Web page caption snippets

*** Begin section ***

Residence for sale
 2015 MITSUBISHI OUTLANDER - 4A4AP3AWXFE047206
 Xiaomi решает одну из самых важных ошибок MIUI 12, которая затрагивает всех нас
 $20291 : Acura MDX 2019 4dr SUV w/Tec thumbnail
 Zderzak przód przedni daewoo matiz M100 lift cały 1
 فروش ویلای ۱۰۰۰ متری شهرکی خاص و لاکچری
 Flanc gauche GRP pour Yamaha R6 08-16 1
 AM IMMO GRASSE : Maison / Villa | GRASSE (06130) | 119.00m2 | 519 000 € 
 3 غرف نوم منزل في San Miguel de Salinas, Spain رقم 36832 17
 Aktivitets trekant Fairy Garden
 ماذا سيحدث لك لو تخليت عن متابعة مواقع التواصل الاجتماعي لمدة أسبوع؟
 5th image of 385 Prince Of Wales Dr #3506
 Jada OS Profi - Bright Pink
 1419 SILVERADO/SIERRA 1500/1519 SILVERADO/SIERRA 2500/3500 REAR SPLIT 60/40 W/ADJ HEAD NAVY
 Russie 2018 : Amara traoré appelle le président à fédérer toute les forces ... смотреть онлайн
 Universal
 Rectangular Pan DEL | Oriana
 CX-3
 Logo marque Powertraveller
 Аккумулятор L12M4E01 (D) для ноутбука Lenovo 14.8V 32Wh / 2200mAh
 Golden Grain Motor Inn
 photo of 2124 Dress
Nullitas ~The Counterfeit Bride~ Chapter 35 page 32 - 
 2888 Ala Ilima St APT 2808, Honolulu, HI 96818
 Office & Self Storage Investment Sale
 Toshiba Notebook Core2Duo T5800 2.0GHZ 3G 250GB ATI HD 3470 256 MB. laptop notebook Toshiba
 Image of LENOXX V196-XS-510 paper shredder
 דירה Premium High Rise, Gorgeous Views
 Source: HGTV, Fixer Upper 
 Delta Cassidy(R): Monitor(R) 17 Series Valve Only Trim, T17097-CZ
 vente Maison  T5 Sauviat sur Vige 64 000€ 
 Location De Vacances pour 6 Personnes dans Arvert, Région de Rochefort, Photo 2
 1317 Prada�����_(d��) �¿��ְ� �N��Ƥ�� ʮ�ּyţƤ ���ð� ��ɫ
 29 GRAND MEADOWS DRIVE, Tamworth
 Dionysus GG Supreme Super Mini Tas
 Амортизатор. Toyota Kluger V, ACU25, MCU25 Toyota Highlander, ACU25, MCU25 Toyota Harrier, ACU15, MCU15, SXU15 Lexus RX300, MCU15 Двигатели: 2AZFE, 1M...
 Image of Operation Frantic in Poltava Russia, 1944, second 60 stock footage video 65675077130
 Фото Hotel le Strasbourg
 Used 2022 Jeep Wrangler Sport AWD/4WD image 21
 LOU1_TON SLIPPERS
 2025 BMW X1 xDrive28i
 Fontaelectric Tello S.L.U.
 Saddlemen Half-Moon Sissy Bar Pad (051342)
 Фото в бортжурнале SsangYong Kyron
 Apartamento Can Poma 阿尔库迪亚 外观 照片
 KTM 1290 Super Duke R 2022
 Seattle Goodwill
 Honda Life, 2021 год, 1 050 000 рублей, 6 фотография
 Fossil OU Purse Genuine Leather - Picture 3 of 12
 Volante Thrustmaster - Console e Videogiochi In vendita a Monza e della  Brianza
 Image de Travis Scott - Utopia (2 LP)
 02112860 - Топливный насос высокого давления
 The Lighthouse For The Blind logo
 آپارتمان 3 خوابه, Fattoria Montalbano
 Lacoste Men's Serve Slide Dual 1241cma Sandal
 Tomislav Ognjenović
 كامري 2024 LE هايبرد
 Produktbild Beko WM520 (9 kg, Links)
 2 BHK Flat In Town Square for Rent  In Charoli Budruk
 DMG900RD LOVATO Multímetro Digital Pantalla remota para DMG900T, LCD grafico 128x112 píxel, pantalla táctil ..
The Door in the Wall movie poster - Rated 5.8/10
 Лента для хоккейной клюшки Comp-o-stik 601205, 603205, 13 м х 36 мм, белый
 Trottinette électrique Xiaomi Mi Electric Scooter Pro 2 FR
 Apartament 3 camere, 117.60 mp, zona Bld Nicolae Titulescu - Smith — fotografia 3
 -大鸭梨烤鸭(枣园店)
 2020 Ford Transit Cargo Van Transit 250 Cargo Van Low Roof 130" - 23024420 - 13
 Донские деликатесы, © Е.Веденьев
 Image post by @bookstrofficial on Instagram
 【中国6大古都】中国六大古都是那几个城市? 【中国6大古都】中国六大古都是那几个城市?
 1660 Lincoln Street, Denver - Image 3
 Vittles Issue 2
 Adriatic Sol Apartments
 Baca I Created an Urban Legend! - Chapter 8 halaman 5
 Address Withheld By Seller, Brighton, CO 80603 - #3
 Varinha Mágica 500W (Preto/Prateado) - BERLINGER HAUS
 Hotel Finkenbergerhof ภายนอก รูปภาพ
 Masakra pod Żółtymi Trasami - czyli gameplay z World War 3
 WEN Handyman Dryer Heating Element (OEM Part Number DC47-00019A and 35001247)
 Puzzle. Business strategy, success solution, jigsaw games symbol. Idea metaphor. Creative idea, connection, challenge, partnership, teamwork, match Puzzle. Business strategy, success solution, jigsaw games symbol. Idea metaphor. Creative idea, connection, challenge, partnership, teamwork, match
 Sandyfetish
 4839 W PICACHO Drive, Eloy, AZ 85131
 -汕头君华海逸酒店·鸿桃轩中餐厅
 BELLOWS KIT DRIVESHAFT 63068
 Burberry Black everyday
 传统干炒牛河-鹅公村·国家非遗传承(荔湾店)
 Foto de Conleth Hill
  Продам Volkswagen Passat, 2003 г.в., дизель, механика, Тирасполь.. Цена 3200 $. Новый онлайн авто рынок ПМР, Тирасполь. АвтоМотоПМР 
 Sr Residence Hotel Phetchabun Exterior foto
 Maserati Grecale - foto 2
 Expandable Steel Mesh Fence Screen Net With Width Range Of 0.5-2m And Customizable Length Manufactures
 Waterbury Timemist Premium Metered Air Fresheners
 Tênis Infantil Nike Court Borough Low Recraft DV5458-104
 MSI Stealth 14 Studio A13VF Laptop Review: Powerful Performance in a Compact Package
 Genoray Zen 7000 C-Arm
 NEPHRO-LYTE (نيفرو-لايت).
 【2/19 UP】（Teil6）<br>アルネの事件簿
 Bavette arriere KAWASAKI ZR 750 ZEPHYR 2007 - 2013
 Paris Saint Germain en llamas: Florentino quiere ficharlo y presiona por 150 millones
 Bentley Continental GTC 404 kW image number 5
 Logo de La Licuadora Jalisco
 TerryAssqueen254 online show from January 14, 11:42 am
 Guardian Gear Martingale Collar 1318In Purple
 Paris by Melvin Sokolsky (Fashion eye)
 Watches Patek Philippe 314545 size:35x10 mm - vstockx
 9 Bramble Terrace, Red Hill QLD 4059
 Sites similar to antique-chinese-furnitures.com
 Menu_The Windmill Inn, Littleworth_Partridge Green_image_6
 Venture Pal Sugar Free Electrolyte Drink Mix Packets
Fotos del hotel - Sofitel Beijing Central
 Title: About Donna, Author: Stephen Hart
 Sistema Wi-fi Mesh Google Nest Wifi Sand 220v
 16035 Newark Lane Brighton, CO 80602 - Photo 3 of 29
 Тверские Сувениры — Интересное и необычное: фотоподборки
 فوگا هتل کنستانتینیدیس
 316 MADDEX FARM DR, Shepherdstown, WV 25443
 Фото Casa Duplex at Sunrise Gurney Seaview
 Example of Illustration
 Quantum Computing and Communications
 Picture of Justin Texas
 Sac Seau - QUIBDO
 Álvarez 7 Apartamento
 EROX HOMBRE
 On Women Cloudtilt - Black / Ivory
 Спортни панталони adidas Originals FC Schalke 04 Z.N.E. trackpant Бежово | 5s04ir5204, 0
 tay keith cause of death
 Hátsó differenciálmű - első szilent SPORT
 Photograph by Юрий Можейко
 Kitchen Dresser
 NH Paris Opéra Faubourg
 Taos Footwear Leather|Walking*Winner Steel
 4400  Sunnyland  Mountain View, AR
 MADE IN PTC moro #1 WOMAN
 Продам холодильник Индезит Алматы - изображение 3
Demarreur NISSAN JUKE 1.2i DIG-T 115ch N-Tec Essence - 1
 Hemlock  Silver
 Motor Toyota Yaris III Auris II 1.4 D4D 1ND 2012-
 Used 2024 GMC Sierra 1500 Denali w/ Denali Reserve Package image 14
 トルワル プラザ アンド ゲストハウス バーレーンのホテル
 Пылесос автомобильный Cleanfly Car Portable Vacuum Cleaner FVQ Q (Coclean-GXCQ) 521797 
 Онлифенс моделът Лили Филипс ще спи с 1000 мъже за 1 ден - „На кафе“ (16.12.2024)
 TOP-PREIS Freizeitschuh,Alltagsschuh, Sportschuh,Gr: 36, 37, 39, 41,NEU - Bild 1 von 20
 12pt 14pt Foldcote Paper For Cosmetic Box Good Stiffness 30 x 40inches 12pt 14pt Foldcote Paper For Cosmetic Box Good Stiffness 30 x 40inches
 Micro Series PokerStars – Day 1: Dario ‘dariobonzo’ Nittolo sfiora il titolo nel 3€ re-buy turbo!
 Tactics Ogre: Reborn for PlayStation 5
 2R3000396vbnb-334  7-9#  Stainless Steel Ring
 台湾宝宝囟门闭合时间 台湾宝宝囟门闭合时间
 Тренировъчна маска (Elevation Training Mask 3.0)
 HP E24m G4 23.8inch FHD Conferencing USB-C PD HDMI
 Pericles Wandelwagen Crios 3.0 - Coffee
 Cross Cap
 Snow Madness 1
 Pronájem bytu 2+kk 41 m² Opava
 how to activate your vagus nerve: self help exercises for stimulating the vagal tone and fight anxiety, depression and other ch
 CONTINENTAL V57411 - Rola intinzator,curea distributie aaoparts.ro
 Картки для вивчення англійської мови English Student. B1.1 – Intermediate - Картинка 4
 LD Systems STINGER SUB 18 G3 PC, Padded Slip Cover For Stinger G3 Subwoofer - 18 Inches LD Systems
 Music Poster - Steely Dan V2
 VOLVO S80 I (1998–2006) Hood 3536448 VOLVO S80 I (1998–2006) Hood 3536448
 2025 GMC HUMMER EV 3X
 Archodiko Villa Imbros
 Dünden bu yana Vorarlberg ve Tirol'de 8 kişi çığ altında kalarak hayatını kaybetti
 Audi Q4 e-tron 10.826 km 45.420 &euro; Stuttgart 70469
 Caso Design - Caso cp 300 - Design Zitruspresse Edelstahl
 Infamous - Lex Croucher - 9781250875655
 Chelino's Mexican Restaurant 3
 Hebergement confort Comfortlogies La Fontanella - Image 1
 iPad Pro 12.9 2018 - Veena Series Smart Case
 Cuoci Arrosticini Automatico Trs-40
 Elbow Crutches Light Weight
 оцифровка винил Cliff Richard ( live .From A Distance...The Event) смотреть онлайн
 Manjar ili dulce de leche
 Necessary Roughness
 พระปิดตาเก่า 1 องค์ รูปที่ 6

*** End section ***

**Problem to solve**
Which lines of the data above contain "Residence"? Copy each one.

**Expected answer**
Residence for sale
 Sr Residence Hotel Phetchabun Exterior foto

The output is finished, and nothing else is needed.